ADAM KIRSCH
If ever there was a writer in flight from his name, it
was Fernando Pessoa. Pessoa is the Portuguese word for
“person,” and there is nothing he less wanted to be. Again and again, in both
poetry and prose, Pessoa denied that he existed as any kind of distinctive
individual. “I’m beginning to know myself. I don’t exist,” he writes in one
poem. “I’m the gap between what I’d like to be and what others have made of
me. . . . That’s me. Period.”
In his magnum opus, “The Book of Disquiet”—a collage of aphorisms and
reflections couched in the form of a fictional diary, which he worked on for
years but never finished, much less published—Pessoa returns to the same theme:
“Through these deliberately unconnected impressions I am the indifferent
narrator of my autobiography without events, of my history without a life.

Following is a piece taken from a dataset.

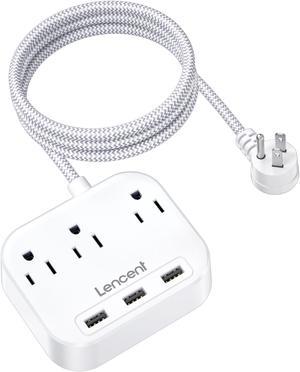 Power Strip with USB, 3 Outlet 3 USB Charging Ports (17W/ 3.4A), Flat Plug with 6.6ft Braided Extension Cord, Desktop & Wall Mountable, Compact for Cruise Ship, Travel, Home, Office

These are my Confessions and if I say nothing in them it’s because I have
nothing to say.”
This might sound like an unpromising basis for a body of
creative work that is now considered one of the greatest of the twentieth
century. If a writer is nothing, does nothing, and has nothing to say, what can
he write about? But, like the big bang, which took next to nothing and turned
it into a cosmos, the expansive power of Pessoa’s imagination turned out to
need very little raw material to work with. Indeed, he belongs to a
distinguished line of European writers, from Giacomo Leopardi, in the early
nineteenth century, to Samuel Beckett, in the twentieth, for whom nullity was a
muse. The ultimate futility of all accomplishment, the fascination of
loneliness, the way sorrow colors our perception of the world: Pessoa’s insight
into his favorite themes was purchased at a high price, but he wouldn’t have
had it any other way. “To find one’s personality by losing it—faith itself
subscribes to that sense of destiny,” he wrote.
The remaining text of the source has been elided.